- Born: Martin Gleeson January 26, 1935 Dublin, Ireland
- Died: May 6, 2020 (aged 85)
- Occupation: Actor
- Spouse(s): Melissa Penelope Gleeson (1963–?) Mardiah Gleeson (? – present)
- Children: 9 (+1 deceased)

= Redmond Gleeson =

Irish actor (1935–2020)

Redmond Gleeson (born Martin Gleeson; January 26, 1935 – May 6, 2020) was an Irish-born American stage, film, and television actor.

==Life and career==
Martin Gleeson was born in Dublin on January 26, 1935. He won a scholarship to study theatre arts at Miami University in Ohio.
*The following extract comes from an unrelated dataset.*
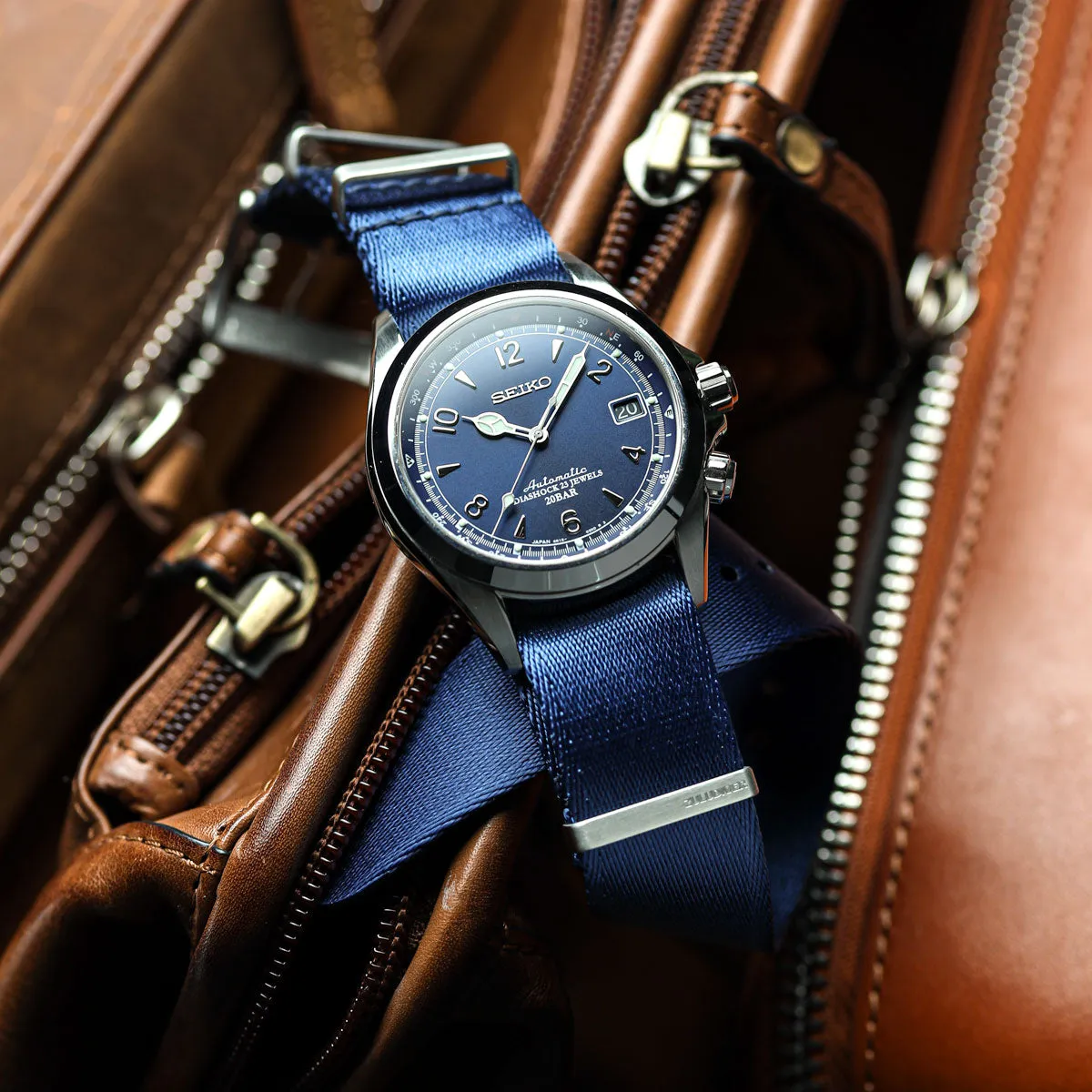 1973 British Military Watch Strap: ARMOURED RECON - Navy Blue, Satin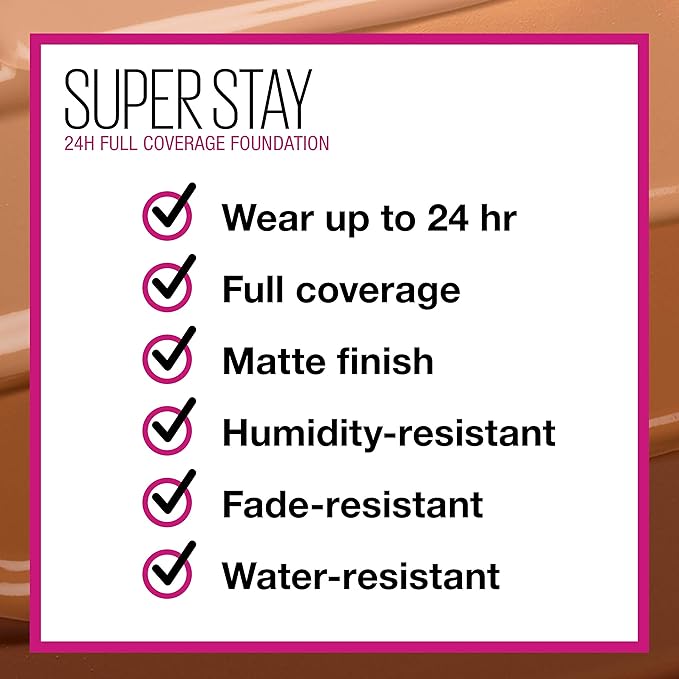 Maybelline New York Foundation, Superstay 24 Hour Longlasting 30, Sand 30 ml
After graduating he lived in Aspen, Colorado where he co-founded and acted with the High Country Players.

In 1968 he moved from Aspen to Los Angeles where he has appeared in many stage productions, including Look Homeward Angel, Buddy's Girl, for which he won a Drama-Logue Award, and Kevin's Bed, for which he won a Back Stage Garland Award.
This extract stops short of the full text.